The Turkish political parties on refugees
Under the title “Refugee issue and Turkey’s domestic politics – Expectations and trajectory post 2023 elections”, Professor Deniz Sert from Özyeğin University presented the findings of the latest study she co-authored with Ezgi Elçi and Evren Balta. She stated that up until the 2019 elections the arrival of almost 4 million refugees interestingly did not have an effect on elections and political campaigns in Turkey. She explained further, that the political elite acted in a rather responsible way, which is why there was neither a “summer of welcome” nor a societal uproar among Turkish society with regard to migrants in the country. For the study, which Professor Sert had co-authored, “Political party representation of anti-immigration attitudes: The case of Turkey” the researchers analysed over 900 political speeches between the years 2011 and 2021. They interestingly see no major differences in the language of the different parties in Turkey since they all speak of migrants as of “guests, brothers and sisters”. At the same time, none of the parties offer any specific solution to the challenges with regard to migration, while being critical towards the EU-Turkey agreement. Professor Sert critically commented that migrants are always discussed to be Syrians and all those from other countries would remain unseen in the public debate. Furthermore, she stated that irregular migration and protection should be discussed separately and in general migration should be considered with a long-term, non-partisan and non-politicised perspective rather than being in the focus of heated pre-election-debates.
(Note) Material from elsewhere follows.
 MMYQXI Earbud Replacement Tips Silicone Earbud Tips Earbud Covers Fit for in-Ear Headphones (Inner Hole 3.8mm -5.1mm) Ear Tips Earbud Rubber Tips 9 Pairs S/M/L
Support to the local level and other suggestions
After all discussants had given their presentations, a lively Q&A session and an interesting discussion with the engaged audience unfolded. It was stated that the EU’s financial support to Turkey should be directed more towards the local level and funds should be given to municipalities, since they would be responsible for refugees and therefore in need of the resources on the ground. The EU should further focus more on root causes of displacement, rather than externalisation. The EU-Turkey agreement should not be seen as a solution and the EU should stop following the externalisation approach, leaving border control to third countries, such as Turkey, but also Libya, or Morocco. Finally, one participant rightly stated that migration shouldn’t be the only topic of interest between the European Union and its Aegean neighbour, but there are many more common and relevant issues, which should not be forgotten.